Goal of the exercise:
Skipping all pictures, print exactly the lines below from the one with "Christian Louboutin Shoes" through the final line.

Records from a data collection:
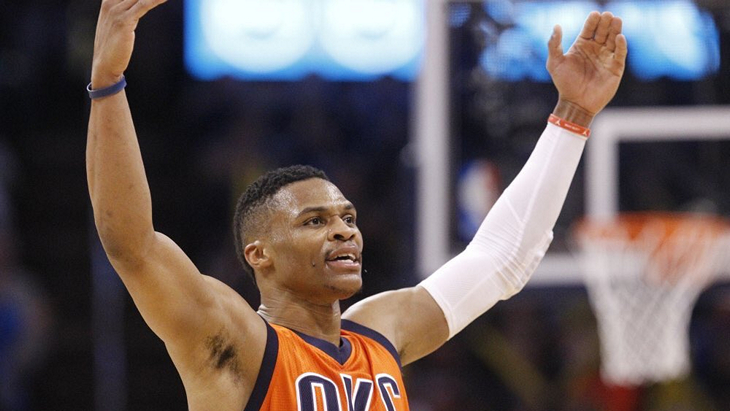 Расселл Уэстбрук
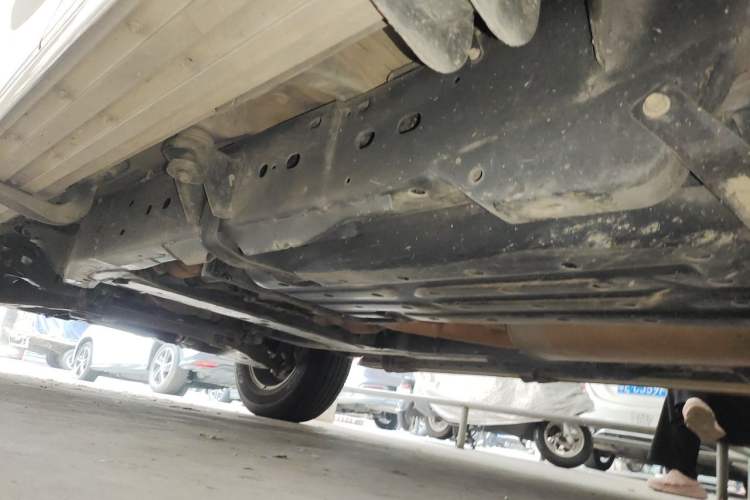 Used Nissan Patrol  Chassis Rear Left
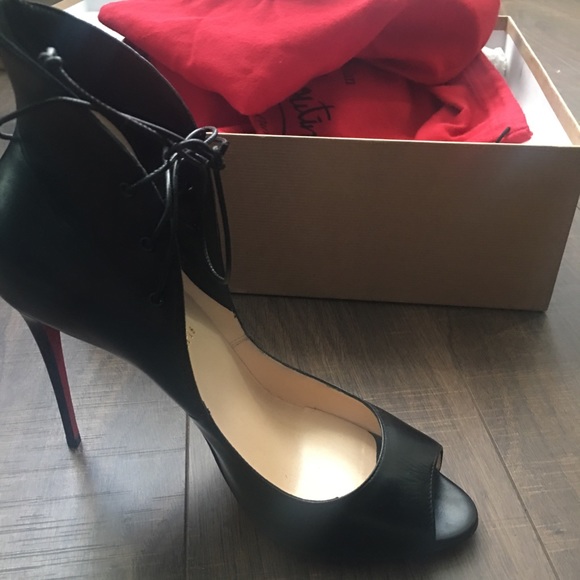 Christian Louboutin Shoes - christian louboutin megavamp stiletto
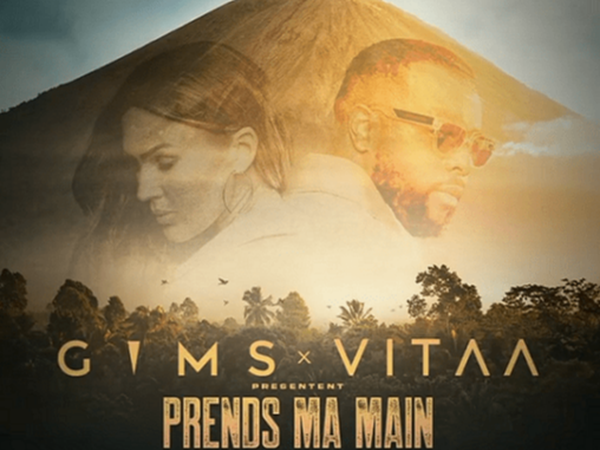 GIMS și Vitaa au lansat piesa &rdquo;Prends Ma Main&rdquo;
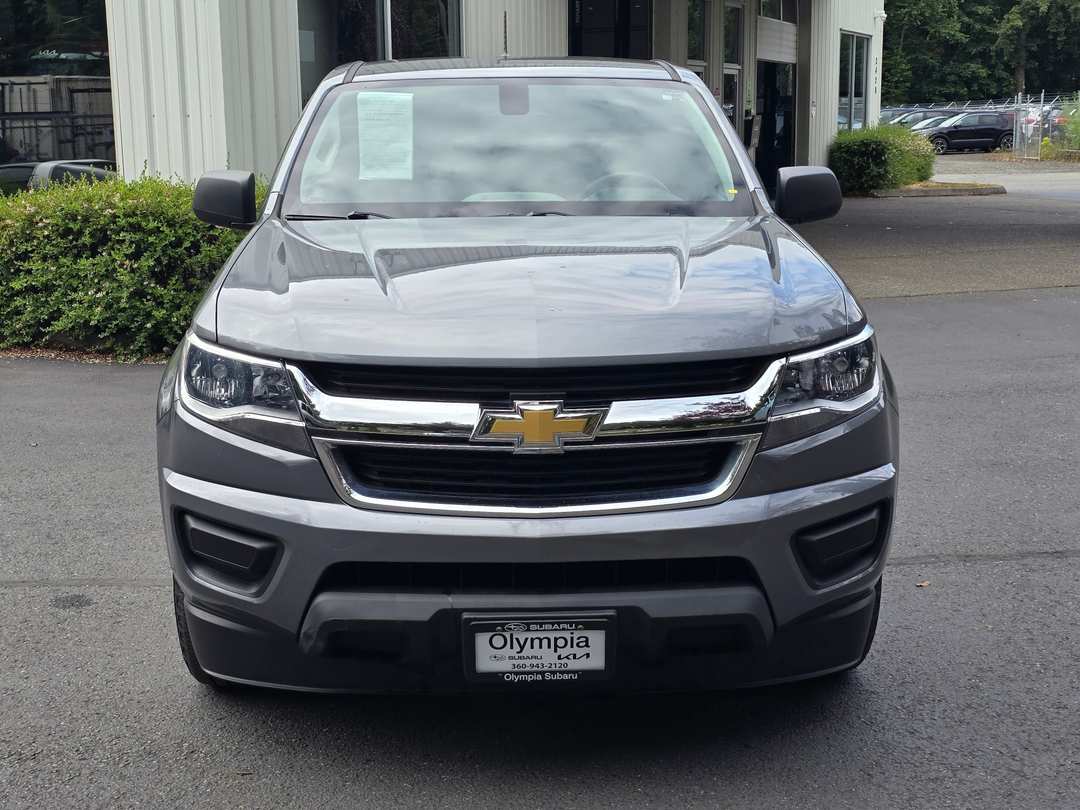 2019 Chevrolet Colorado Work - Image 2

Solution to this exercise:
 Christian Louboutin Shoes - christian louboutin megavamp stiletto
 GIMS și Vitaa au lansat piesa &rdquo;Prends Ma Main&rdquo;
 2019 Chevrolet Colorado Work - Image 2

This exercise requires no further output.